» What the exercise asks: Required from the data below: the exact lines starting at the line containing "Schylling Nee Doh" and ending at the line containing "HOMCOM 2 x 20L", with both ends kept and all pictures dropped.

» Information shown:
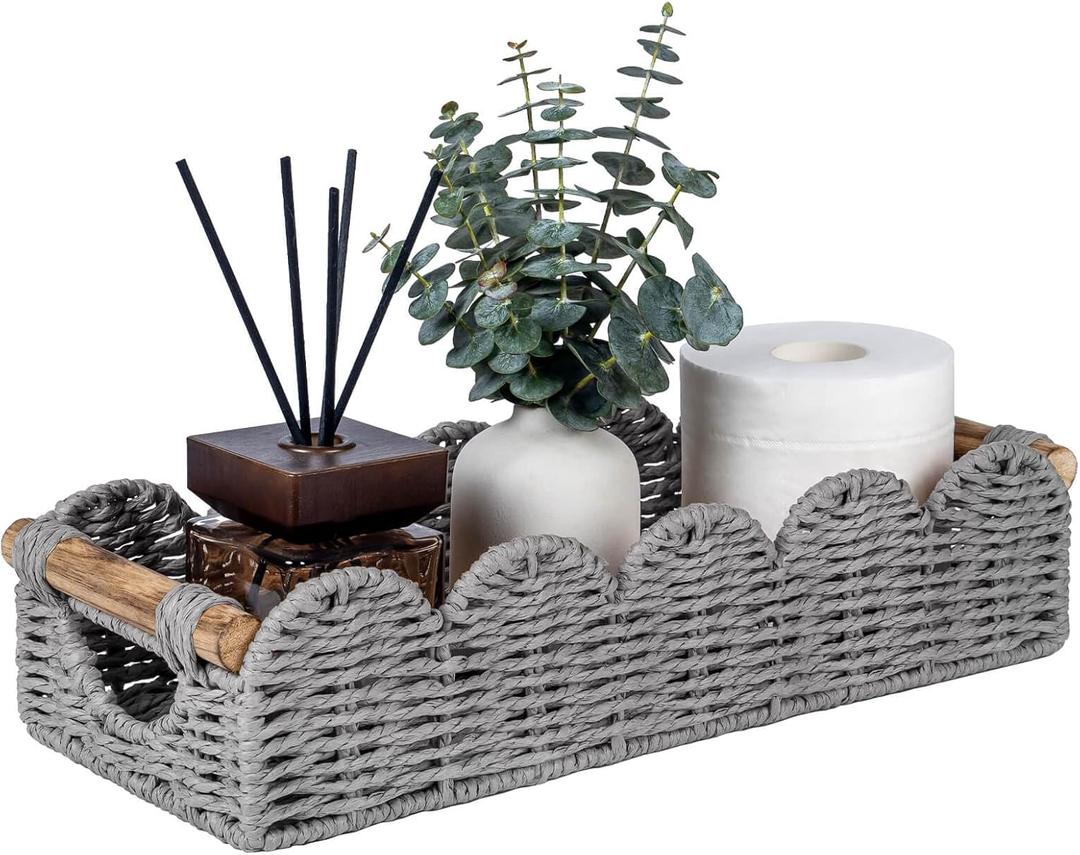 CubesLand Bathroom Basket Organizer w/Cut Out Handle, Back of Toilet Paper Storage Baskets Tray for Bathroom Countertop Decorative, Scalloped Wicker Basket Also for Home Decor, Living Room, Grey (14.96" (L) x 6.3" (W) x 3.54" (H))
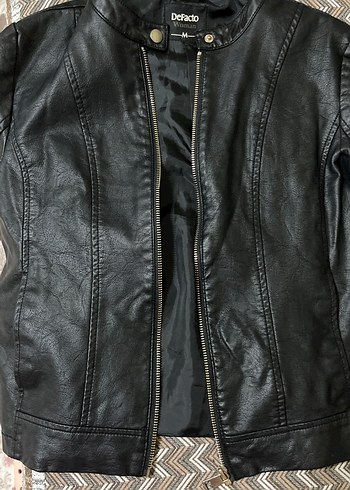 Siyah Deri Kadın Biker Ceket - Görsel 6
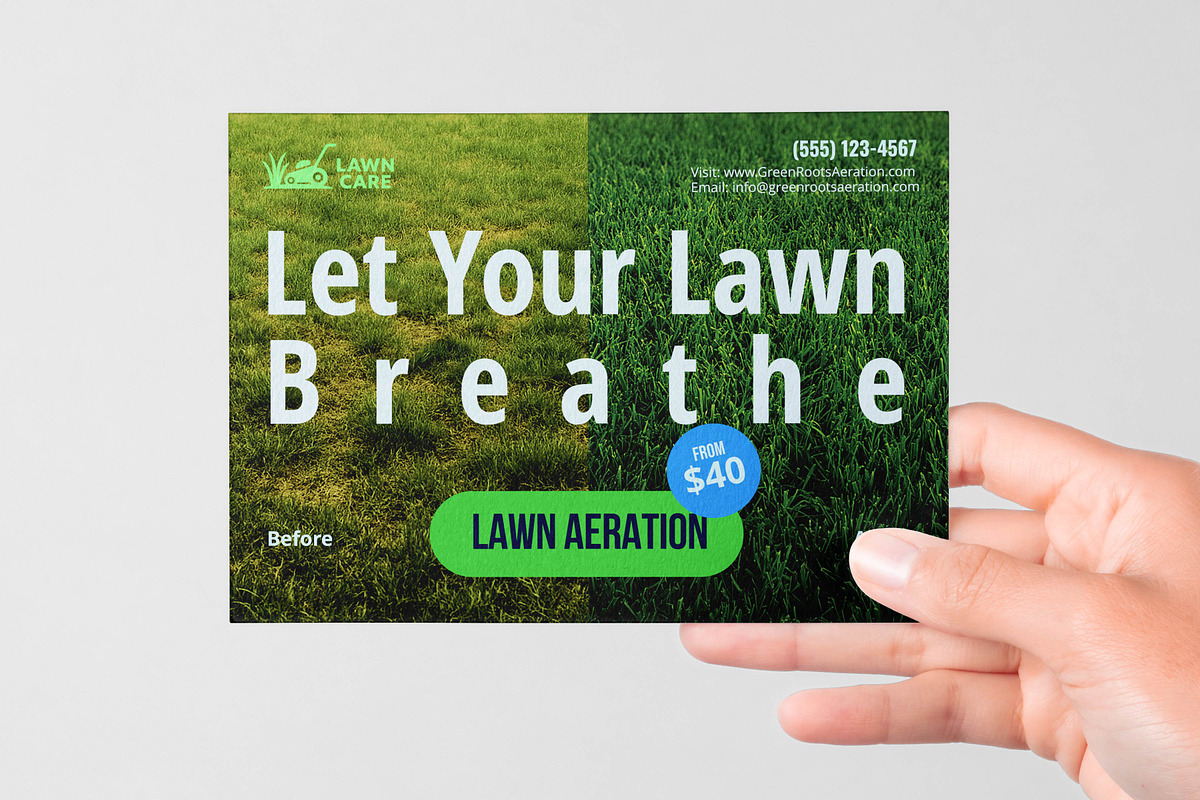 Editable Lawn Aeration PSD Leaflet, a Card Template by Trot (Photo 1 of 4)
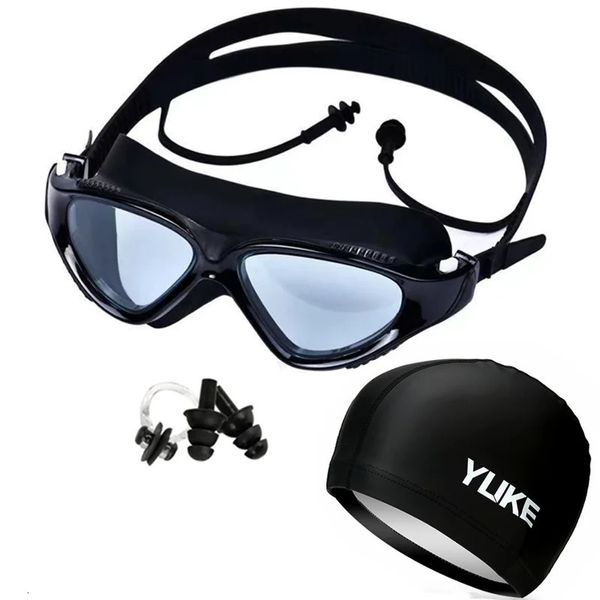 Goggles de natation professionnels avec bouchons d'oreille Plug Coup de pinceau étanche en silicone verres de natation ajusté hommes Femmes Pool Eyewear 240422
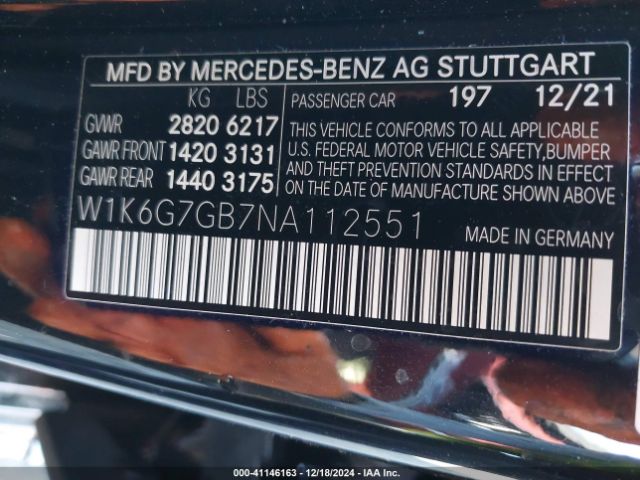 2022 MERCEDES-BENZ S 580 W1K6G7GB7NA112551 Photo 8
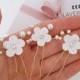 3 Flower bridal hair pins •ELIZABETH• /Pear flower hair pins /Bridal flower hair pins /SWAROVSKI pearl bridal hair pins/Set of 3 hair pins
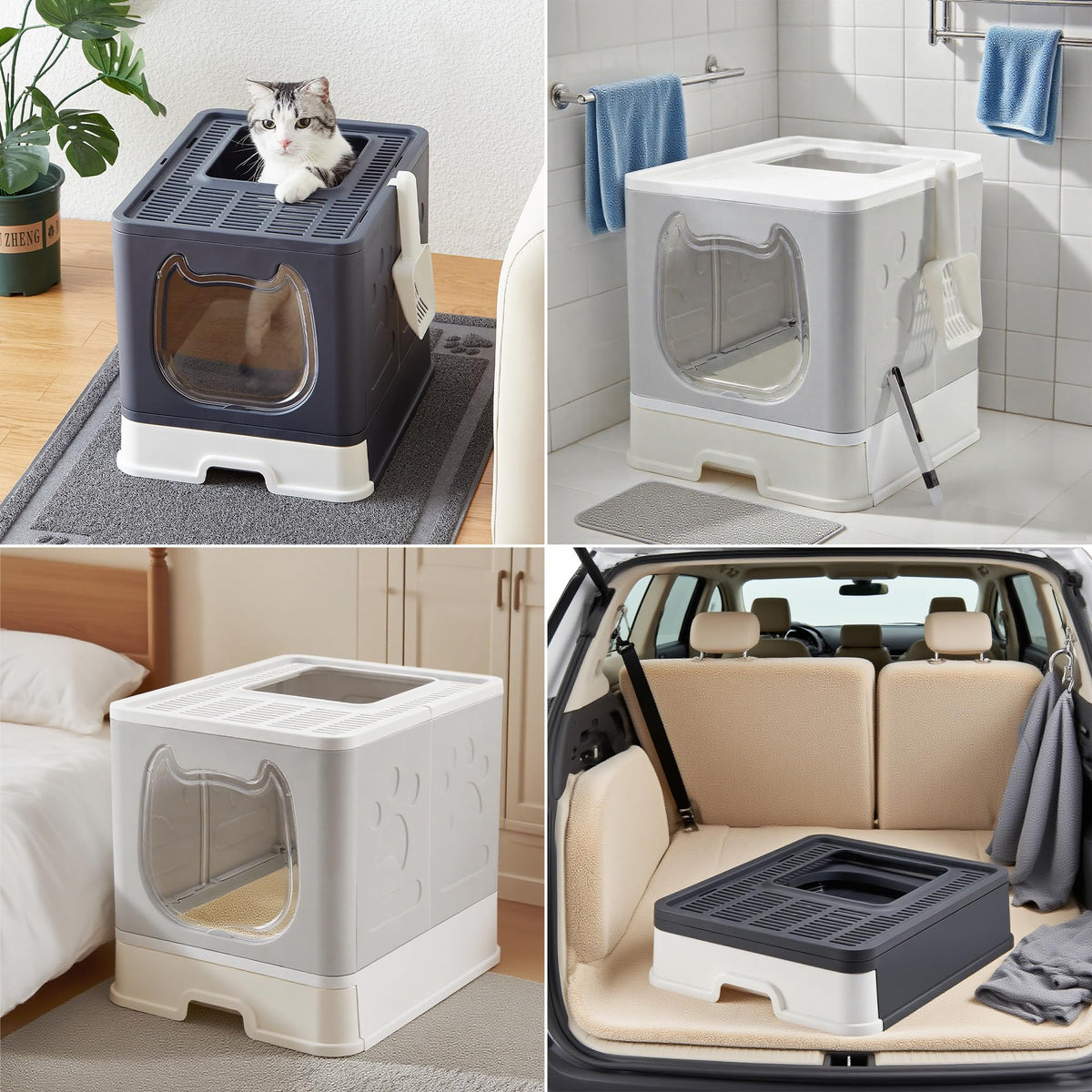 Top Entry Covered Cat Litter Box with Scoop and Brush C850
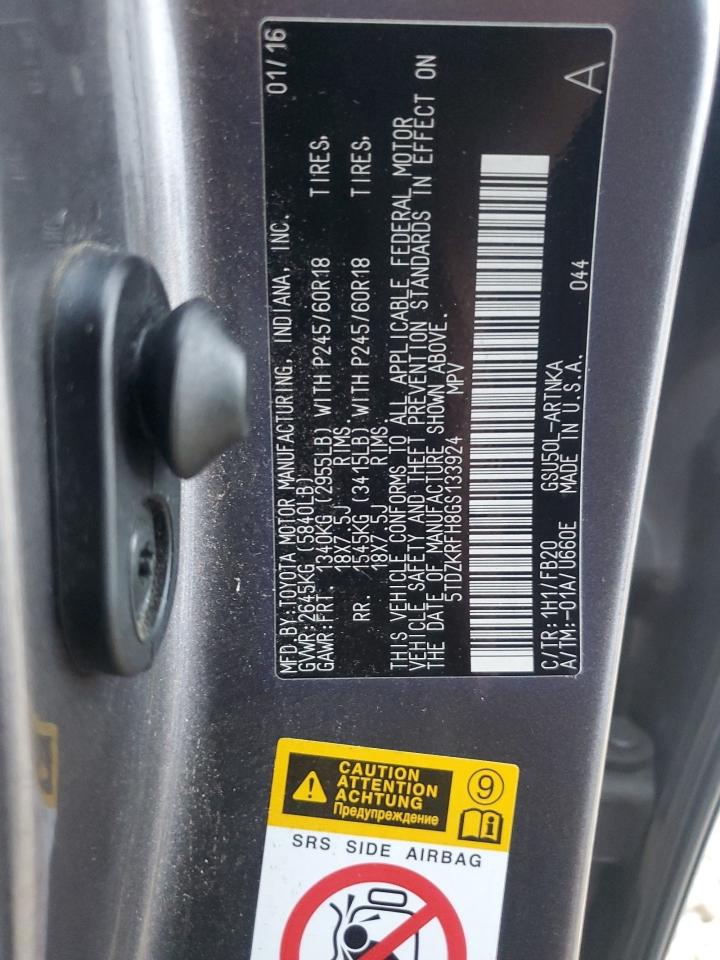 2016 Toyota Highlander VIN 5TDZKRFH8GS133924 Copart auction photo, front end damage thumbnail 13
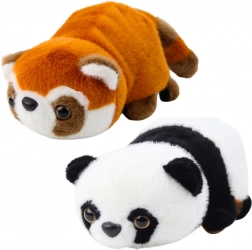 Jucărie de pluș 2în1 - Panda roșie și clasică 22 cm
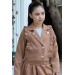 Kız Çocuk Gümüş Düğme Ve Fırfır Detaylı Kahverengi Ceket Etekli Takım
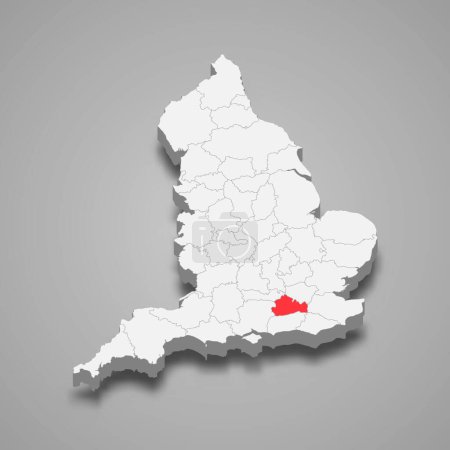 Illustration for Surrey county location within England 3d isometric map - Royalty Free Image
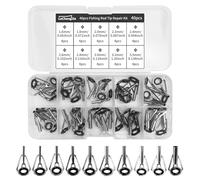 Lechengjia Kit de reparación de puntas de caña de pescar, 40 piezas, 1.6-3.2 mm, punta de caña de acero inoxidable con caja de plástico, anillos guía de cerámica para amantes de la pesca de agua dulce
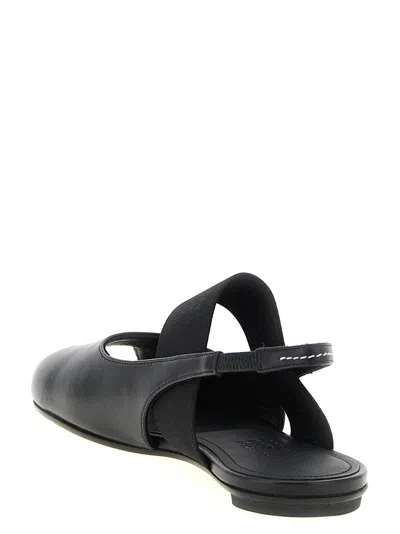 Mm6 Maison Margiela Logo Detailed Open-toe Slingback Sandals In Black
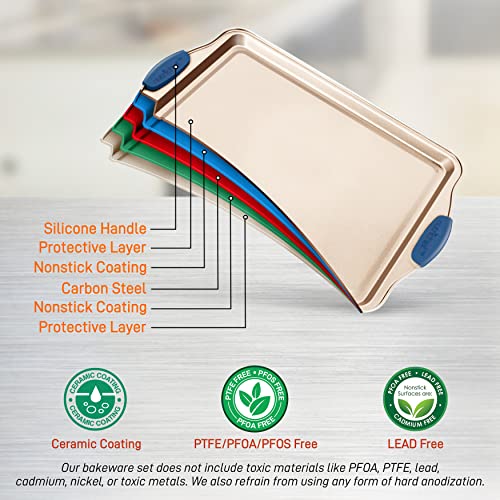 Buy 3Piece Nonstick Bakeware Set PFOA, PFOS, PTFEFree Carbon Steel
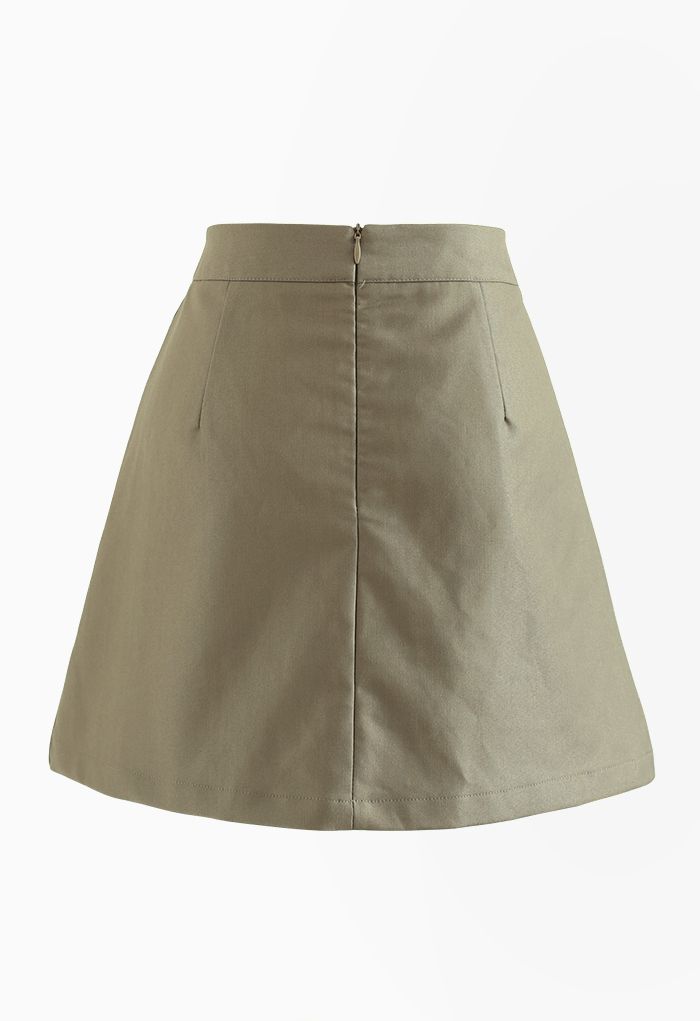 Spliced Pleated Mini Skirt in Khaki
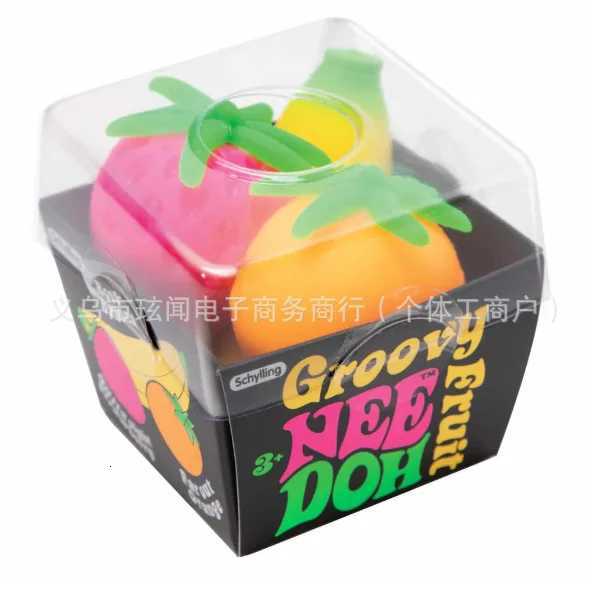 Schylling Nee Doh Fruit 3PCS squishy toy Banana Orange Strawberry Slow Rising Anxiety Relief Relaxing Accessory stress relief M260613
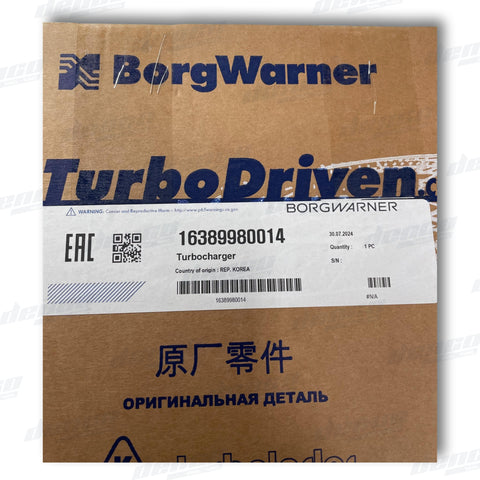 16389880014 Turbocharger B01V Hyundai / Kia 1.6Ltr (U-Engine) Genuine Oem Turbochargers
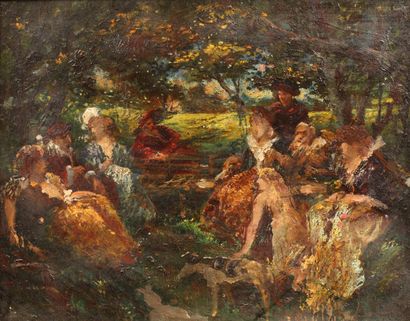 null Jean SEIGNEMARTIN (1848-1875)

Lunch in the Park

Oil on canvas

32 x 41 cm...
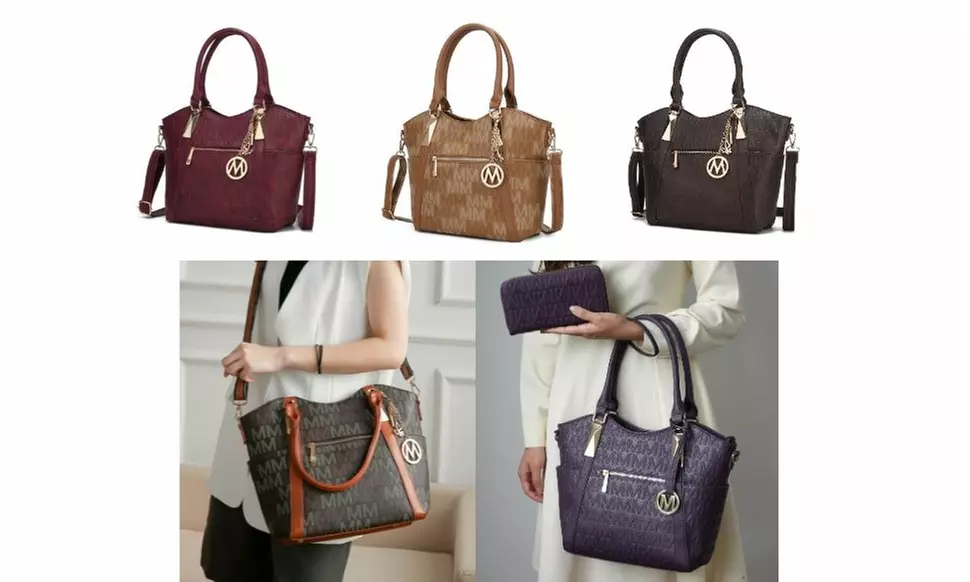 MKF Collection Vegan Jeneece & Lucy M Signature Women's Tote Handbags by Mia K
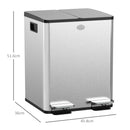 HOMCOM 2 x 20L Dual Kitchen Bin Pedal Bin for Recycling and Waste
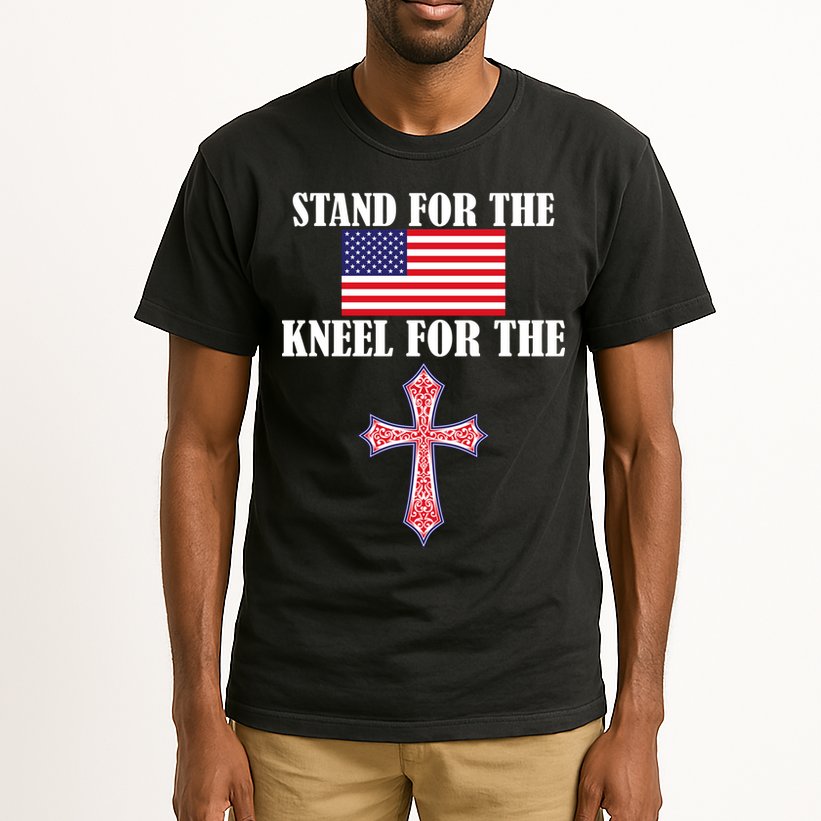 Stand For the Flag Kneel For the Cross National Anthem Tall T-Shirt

» Result:
 Schylling Nee Doh Fruit 3PCS squishy toy Banana Orange Strawberry Slow Rising Anxiety Relief Relaxing Accessory stress relief M260613
 16389880014 Turbocharger B01V Hyundai / Kia 1.6Ltr (U-Engine) Genuine Oem Turbochargers
 null Jean SEIGNEMARTIN (1848-1875)

Lunch in the Park

Oil on canvas

32 x 41 cm...
 MKF Collection Vegan Jeneece & Lucy M Signature Women's Tote Handbags by Mia K
 HOMCOM 2 x 20L Dual Kitchen Bin Pedal Bin for Recycling and Waste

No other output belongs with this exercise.